Resulta sorprendente ver cómo, al
hilo de la inadjetivable matanza de los dibujantes del semanario Charlie Hebdo por miembros yihadistas, el
debate público se pierde en cuestiones que deberían estar embebidas por nuestra
conducta democrática y argumentativa. La constante aclaración de algunos postulados básicos de la argumentación, incluso con muertos aún sin inhumar a los que se les ha hurtado la vida por haber expresado ideas disímiles con pacífico humor, demuestra que no es así. Todavía tenemos que aprender a tramitar ideas propias y ajenas y a convivir sin susceptibilidades en mitad de ese tráfico denso. Existen muchos tics en nuestra conducta verbal cotidiana que revelan este tremendo desconocimiento, la neblina que nos envuelve en el paisaje de algo tan omnipresente como es ofrecer una opinión y por tanto exponernos a que nos la cuestionen. En conversaciones coloquiales cuajadas de opiniones divergentes es frecuente escuchar expresiones tan desafortunadas
pero tan delatoras de nuestro déficit de tolerancia como «igual que yo respeto tu opinión respeta tú la mía», o «es mi opinión y tengo derecho a que se respete». No,
no es así. La opinión no está blindada a las objeciones, y refutar una opinión no es faltar al respeto ni a la opinión ni a la persona que la deposita en su discurso.

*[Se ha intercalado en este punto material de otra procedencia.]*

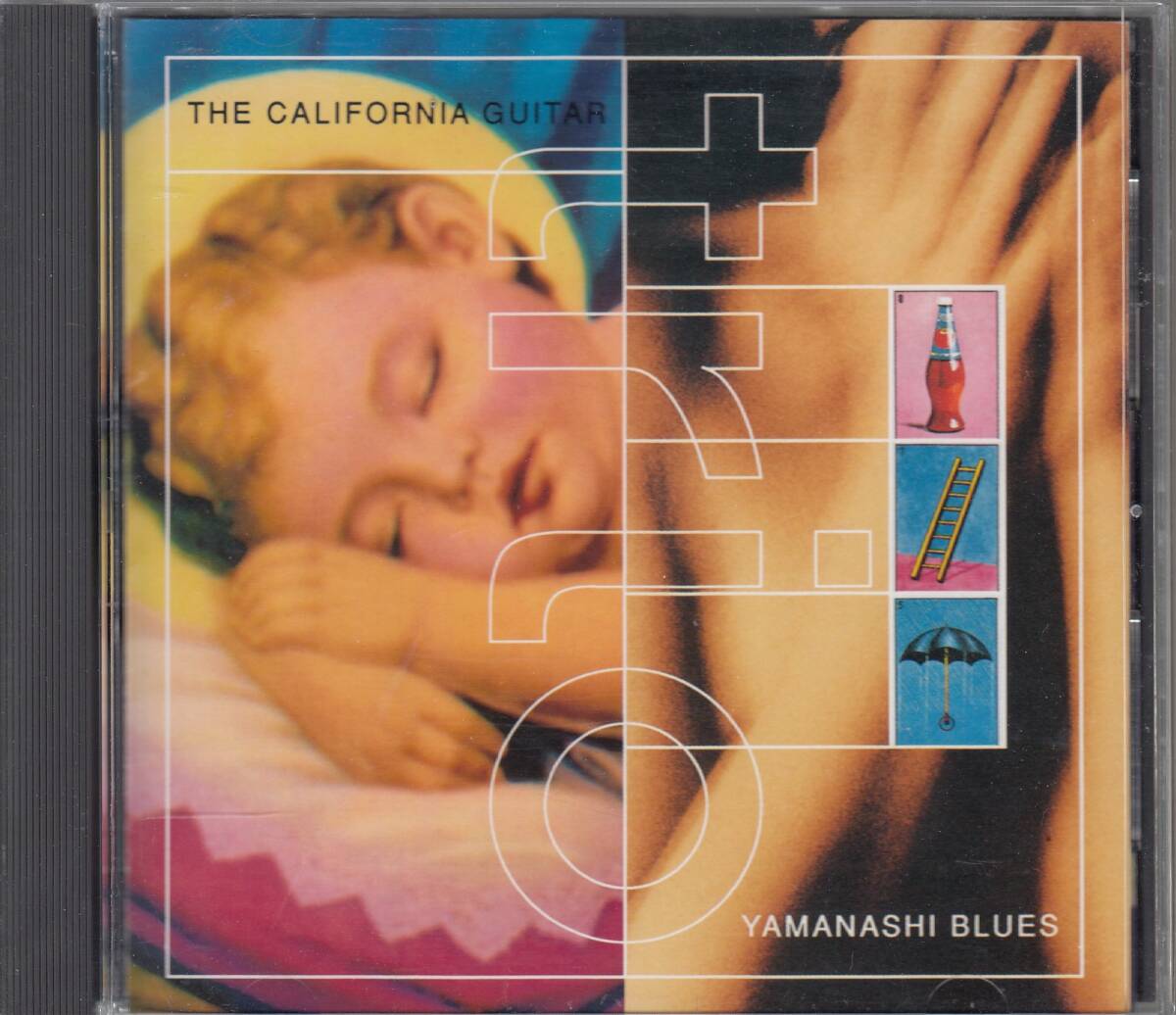 国 ザ・カリフォルニア・ギター・トリオ / Yamanashi Blues 国内盤◆規格番号■PCCY-00411◆送料無料■即決●交渉有_画像1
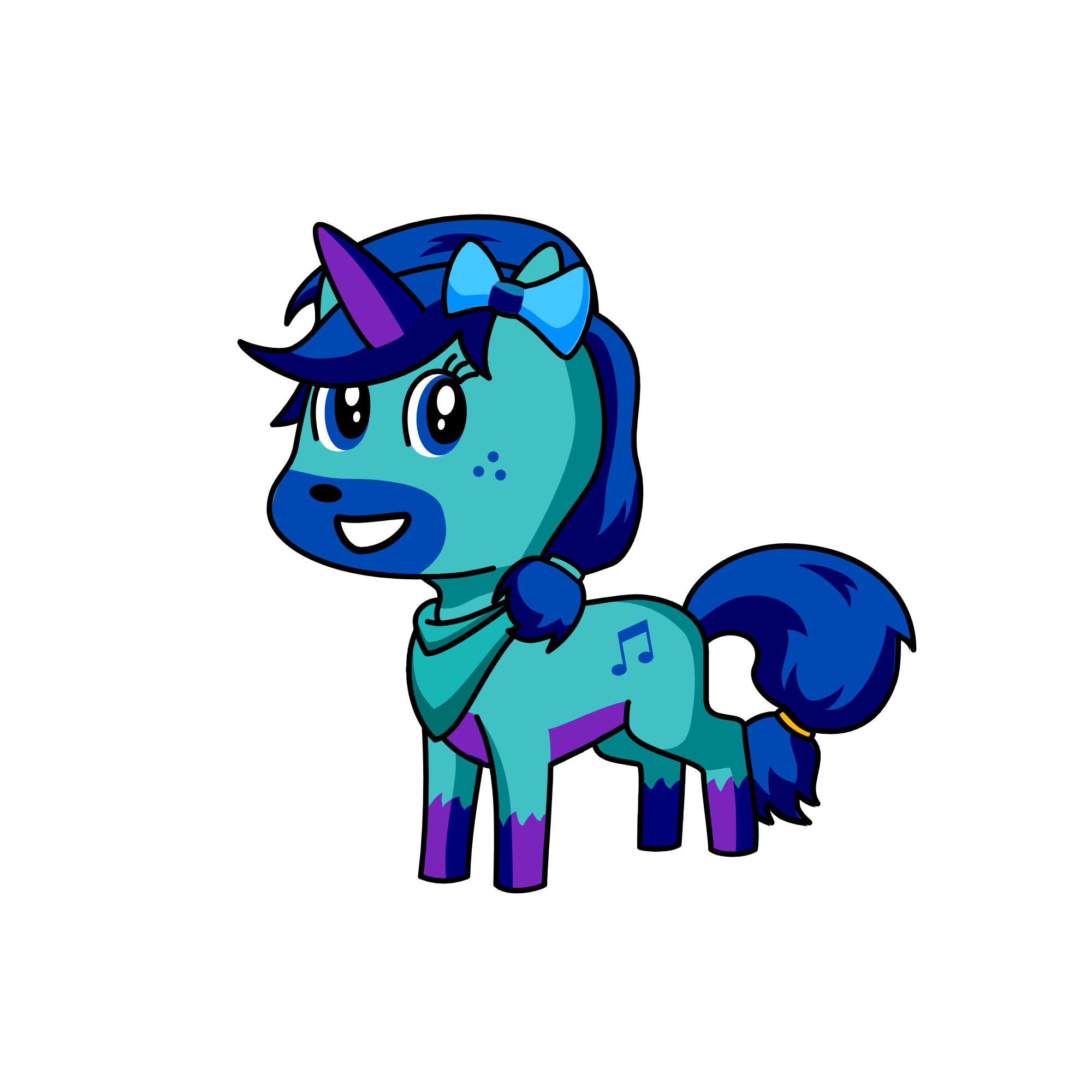 maludy, the unicorn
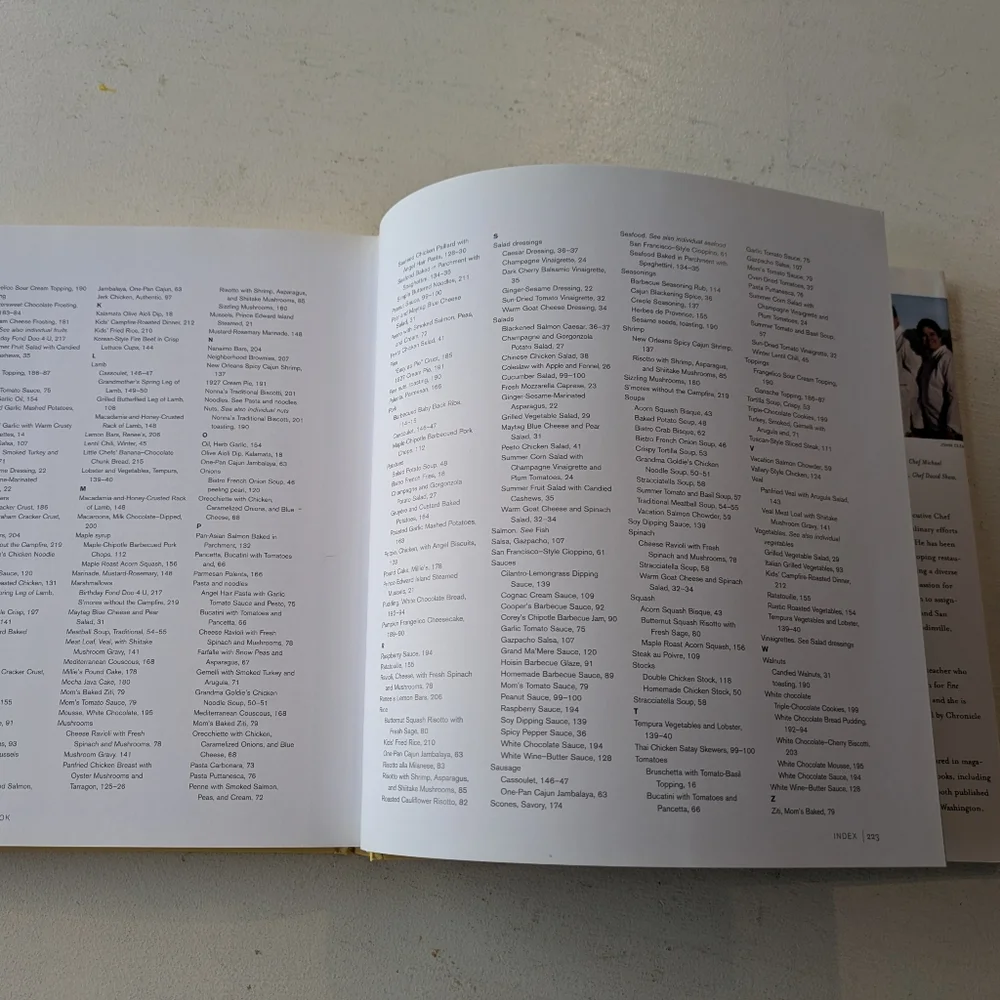Nordstrom Friends and Family Cookbook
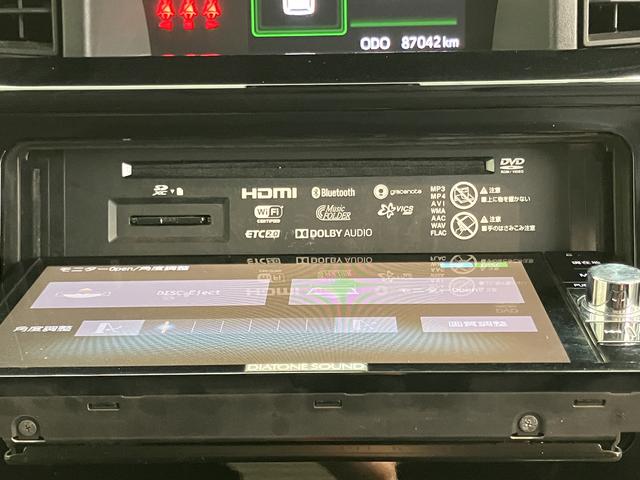 トールカスタムＧ　ターボ　ＳＡII純正ナビ　フルセグＴＶ　ＣＤ　ＤＶＤ　ＵＳＢ　Ｂｌｕｅｔｏｏｔｈ　ＥＴＣ　後席モニター　両側電動スライドドア　プッシュスタート　アイドリングストップ　オートライト　ＬＥＤヘッドライト　キーフリー（愛媛県）の中古車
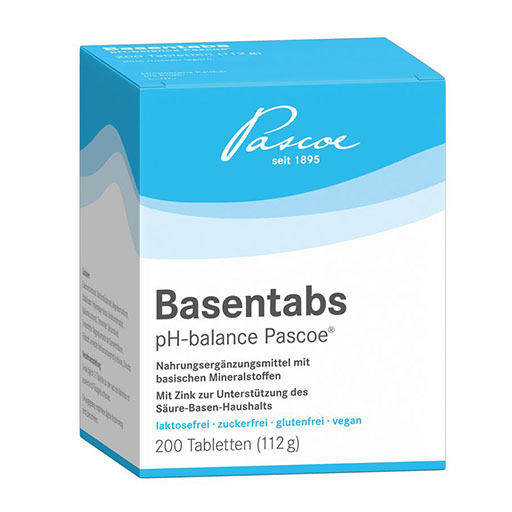 BASENTABS pH Balance Pascoe Tabletten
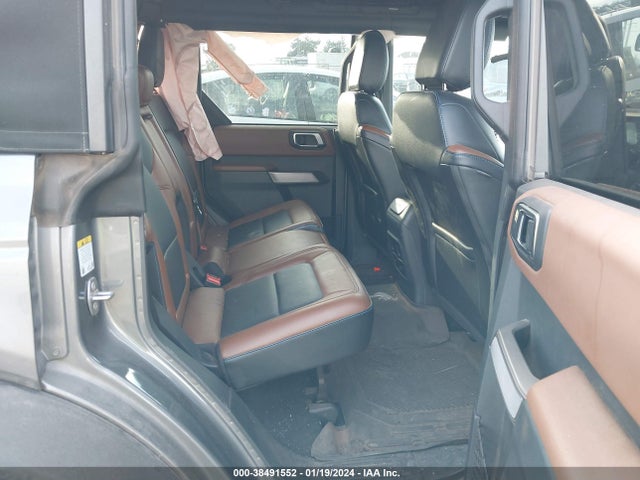 Ford Bronco Outer Banks 2022 1FMEE5DP4NLA76544 Image 8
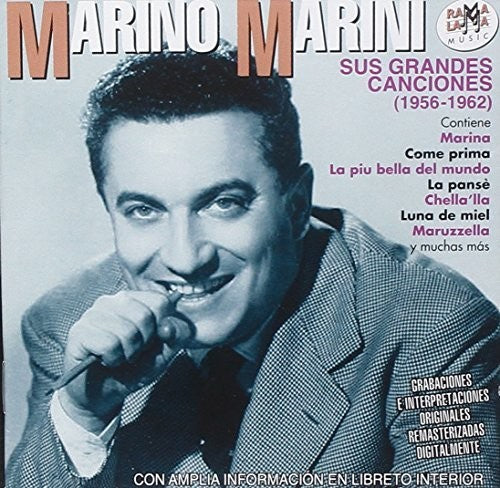 Marini, Marino: Sus Grandes Canciones (1956-1962)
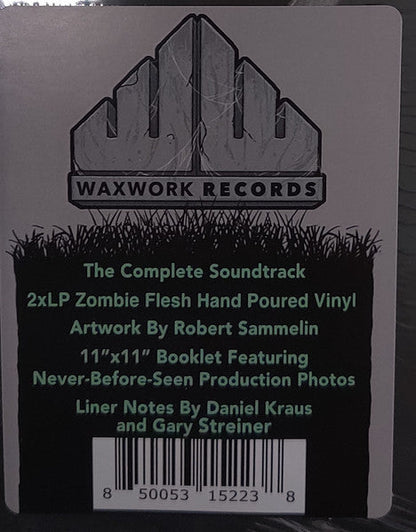 Various - Night Of The Living Dead (ZOMBIE FLESH HAND POUR VINYL) |-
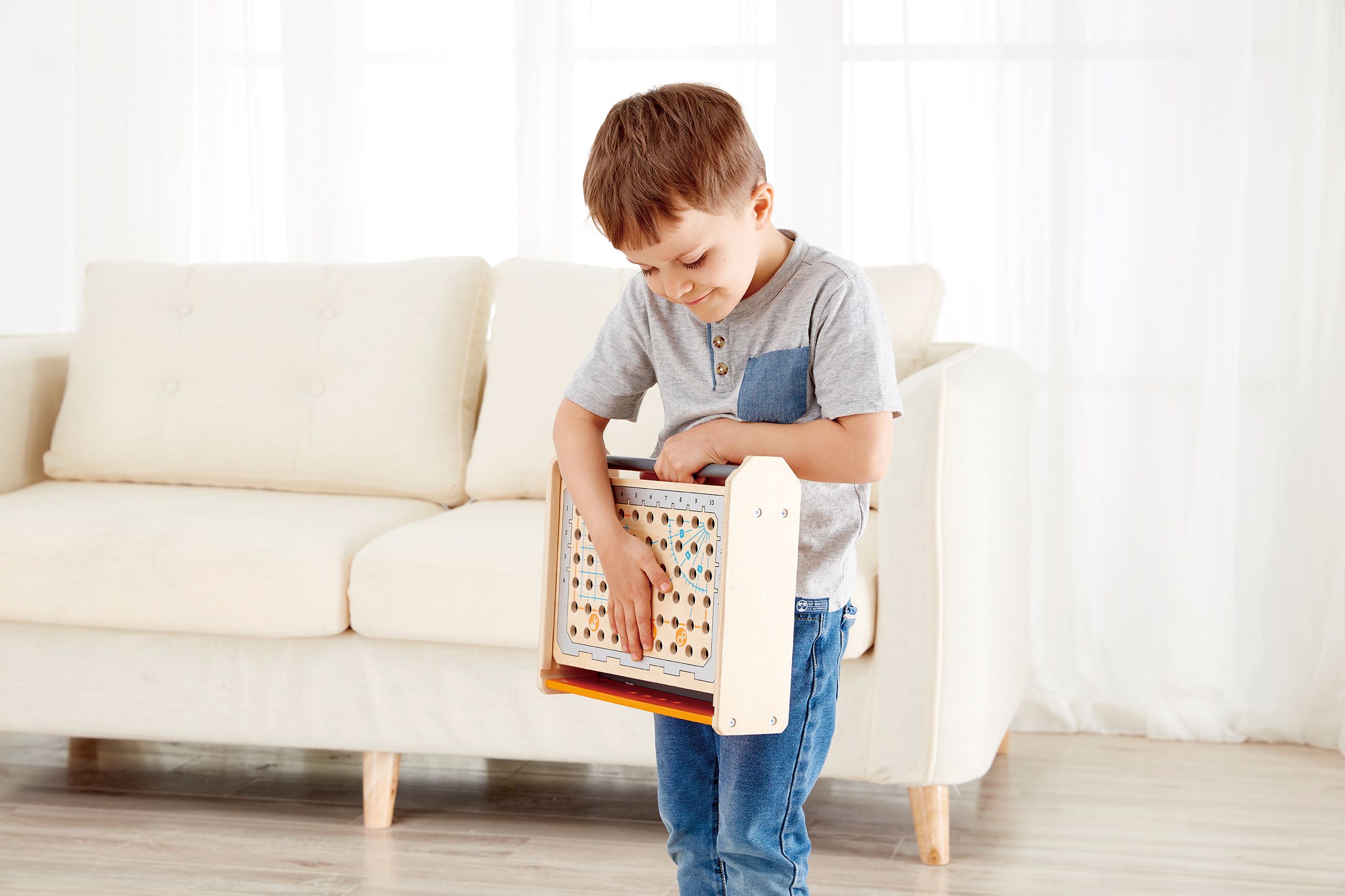 Hape Tüftler Werkzeugkasten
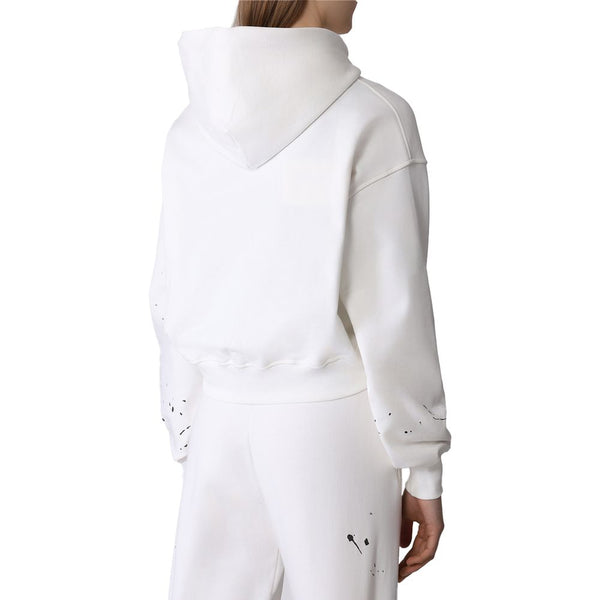 Comme Des Fuckdown White Cotton Sweater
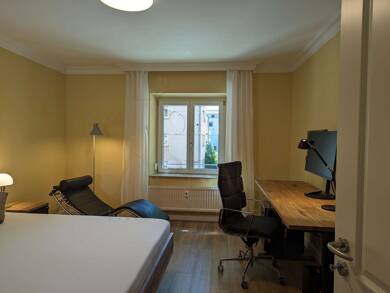 WG-Zimmer zur Miete Wohnen auf Zeit 495 € 18 m² frei ab sofort Ulm 89077
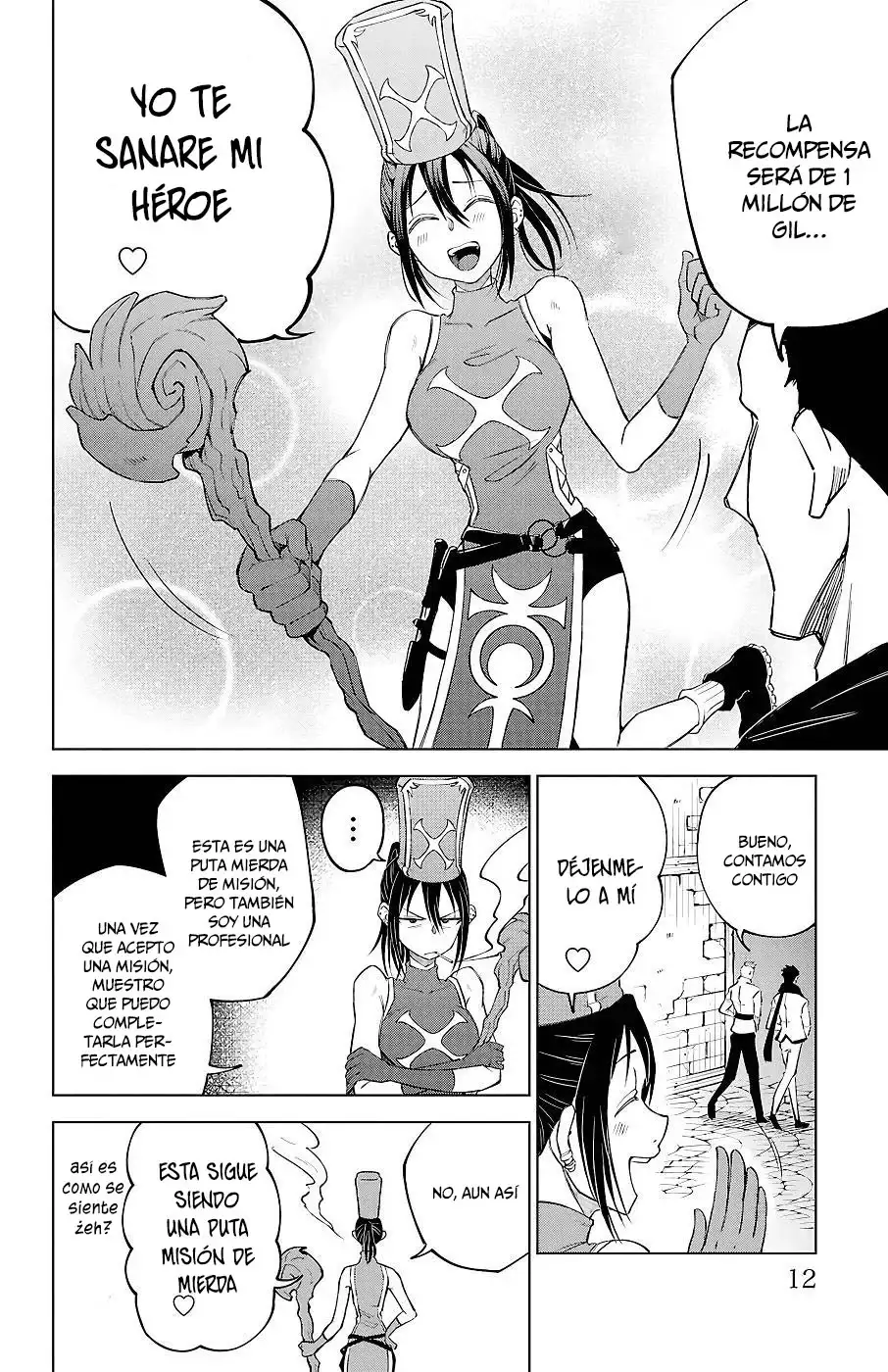 Kizetsu Yuusha To Ansatsu Hime - Capítulo 1 - Página 9 - LectorTMOo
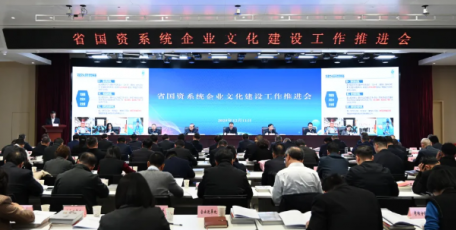 法士特在省国资系统企业文化建设工作推进会上作交流发言
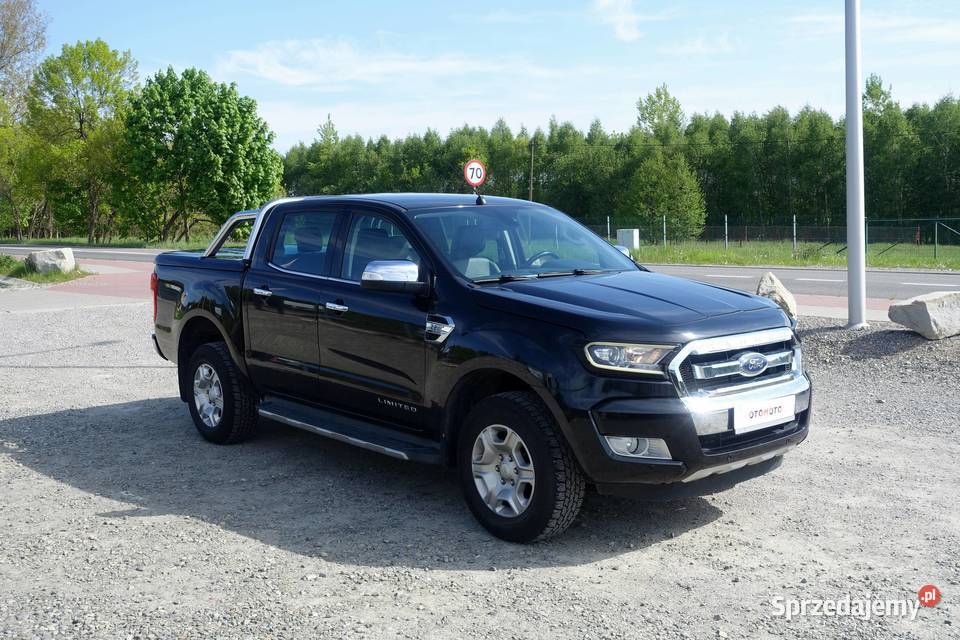 Ford Ranger 22TDCi 160 Limited 4x4 Reduktor Bez wspomaganie kierownicy Buczkowice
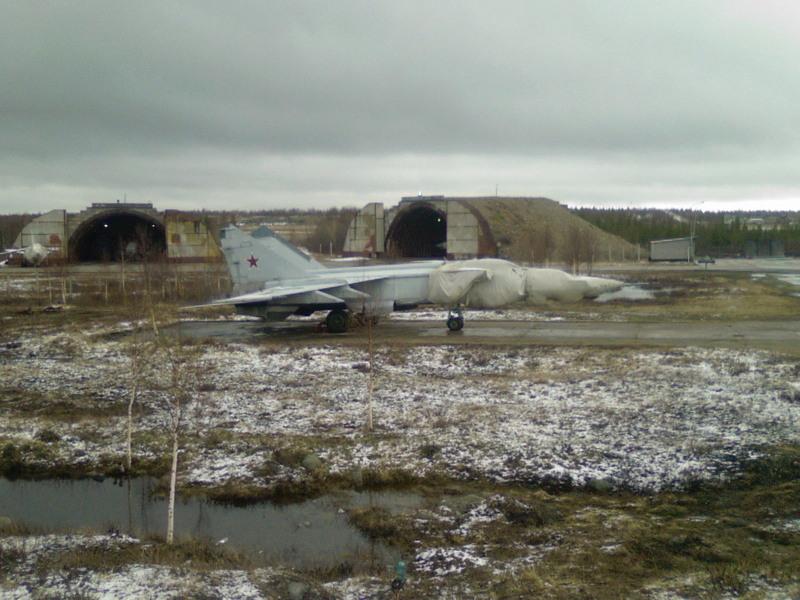 Mig-25PU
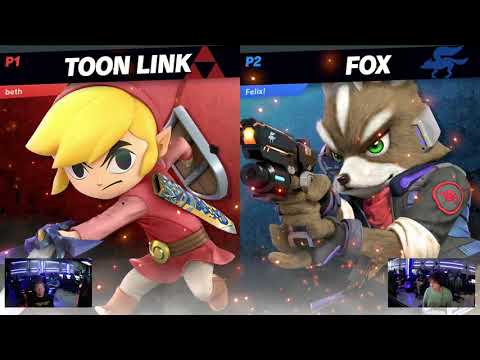 AZSL 2021 Summer Losers Quarters - GCU|Bethel3D (Toon Link) vs. SAK|Felix (Joker/Fox)
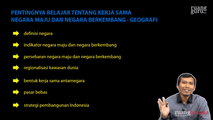 Pentingnya Belajar tentang Kerja Sama Negara Maju dan Negara Berkembang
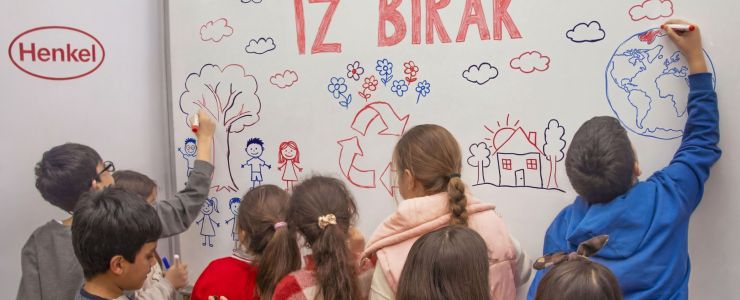 Türk Henkel&rsquo;in İz Bırak Projesi, Bu Yıl İzmirli Çocuklarla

Uno tiene derecho a
opinar, pero la opinión puede ser perfectamente rebatida, e incluso,
dependiendo de su contenido, penalizada. Hace casi doscientos cincuenta años Voltaire insistía
en esta sutil diferencia con la que tanto seguimos enredándonos, como se puede
comprobar estos días: «No comparto lo que dice, pero defenderé hasta
la muerte su derecho a decirlo». Toleramos muy mal la discrepancia porque nuestro
analfabetismo argumentativo nos hace confundir las ideas que enarbolamos con la
persona que somos. Normal que consideremos
la objeción de nuestras ideas o de alguna de nuestras creencias como un trato irrespetuoso a nuestra
persona. Necesitamos una pedagogía de la argumentación. Muchos problemas se atenuarían.